Podemos et le PSOE ne luttent pas contre l'autoritarisme, mais bien plutôt l'organisent. La politique catalane du PSOE, adoptée par Podemos, a un caractère fascisant. Le PSOE a d'abord soutenu la répression sanglante du gouvernement PP (Parti populaire) contre le référendum pacifique d'octobre 2017 sur l'indépendance de la Catalogne, alors que le PP soutenait les manifestations anti-catalanes où l’on chantait l'hymne franquiste Cara al Sol. Après son arrivée au pouvoir l'année dernière, le PSOE a invité Vox à aider la justice à poursuivre les prisonniers politiques catalans.

Le PSOE a ensuite déclenché sa propre répression policière brutale le mois dernier en Catalogne lors de manifestations de masse contre les longues peines de prison prononcées lors de leurs procès. 700 manifestants y ont été blessés lors d’affrontements, dont quatre ont perdu un œil du aux balles en caoutchouc de la police. Des centaines de personnes ont été arrêtées.

Podemos n'a pas d'illusions sur le caractère du PSOE ou de sa politique catalane.

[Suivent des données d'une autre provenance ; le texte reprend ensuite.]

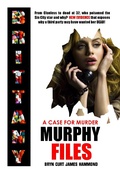 Cover: Case For Murder: Brittany Murphy Files - Miami Fox Publishing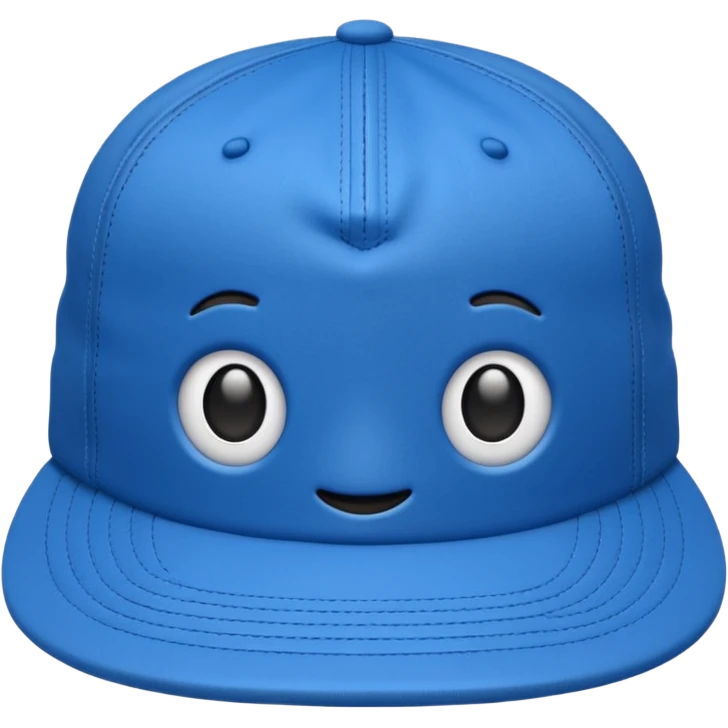 cap cloth emoji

Il a vu de ses propres yeux la violente répression de la part des polices espagnole et catalane, ordonnée par le PSOE, à l'encontre des manifestants à Barcelone, et qu'Iglesias a visitées lors des affrontements, se déclarant satisfait que « les relations institutionnelles entre les forces de police fonctionnent ». Podemos est conscient de ce que le PSOE poursuit en Catalogne une politique de la répression violente qui renforce le parti fasciste Vox, et il soutient le PSOE sur cette base.

Les tentatives de certains membres de Podemos de continuer à se faire passer pour des critiques « de gauche » du PSOE sont absurdes et trompeuses. Miguel Urban, d’Anticapitalistas, la faction pabliste de Podemos, a applaudi l'accord avec le PSOE, en ajoutant: « Le soulagement ne doit pas nous faire baisser la garde. Les risques auxquels nous serons confrontés chaque jour sont: la cooptation de ceux venus pour tout changer, le blanchissement de ceux ayant toujours cherché à l'empêcher et l’attribution au (PSOE) du monopole de la contestation de la droite ».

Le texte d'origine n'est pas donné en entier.